Again, I wasn't sticking the kids in front of the TV so Biff and I could go shake the mattress in the next room. I realize this may be hard for you to comprehend, but you can actually sit in a room with your beau and keep your hands off him in front of the kids. :jet:
 

sockgirl77

Well-Known Member
Qpid said:
You probably weren't!!! But your kids probably thought you were....how you make things look around your children is KEY.
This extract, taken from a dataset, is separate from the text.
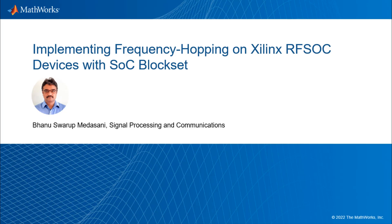Hello everyone and welcome to our demo session implementing frequency hopping on Xilinx RFSOC devices using SOC block set. I am Banu Madasani, Dev Manager at MathWorks. In the next few minutes, I will cover a brief overview of the demo, its application areas, followed by a quick run through of the demo.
if you dont want them to think your loose...dont act like it by bringind tom, dick and harry around every 3 months but claim this is just mommies "friend".
So, let me ask you this? A majority of my friends are male. I love to shoot pool and go to the races so it has always been easier for me to hang out with the guys. So, I shouldn't introduce my son to my friends because they are men?
 

sockgirl77

Well-Known Member
sockgirl77 said:
So, let me ask you this? A majority of my friends are male. I love to shoot pool and go to the races so it has always been easier for me to hang out with the guys. So, I shouldn't introduce my son to my friends because they are men?
Oh and my roomate is a man. Should I not bring him around either?
 

Qpid

New Member
sockgirl77 said:
So, let me ask you this? A majority of my friends are male. I love to shoot pool and go to the races so it has always been easier for me to hang out with the guys. So, I shouldn't introduce my son to my friends because they are men?

"friends"

vs.

someone your involved with on a relationship level

is different....
 

sockgirl77

Well-Known Member
Qpid said:
"friends"

vs.

someone your involved with on a relationship level

is different....
as long as she's not being affectionate in front of the kiddies what the hell's the difference.

where in the hell is the tall glass of stfu i've been looking for?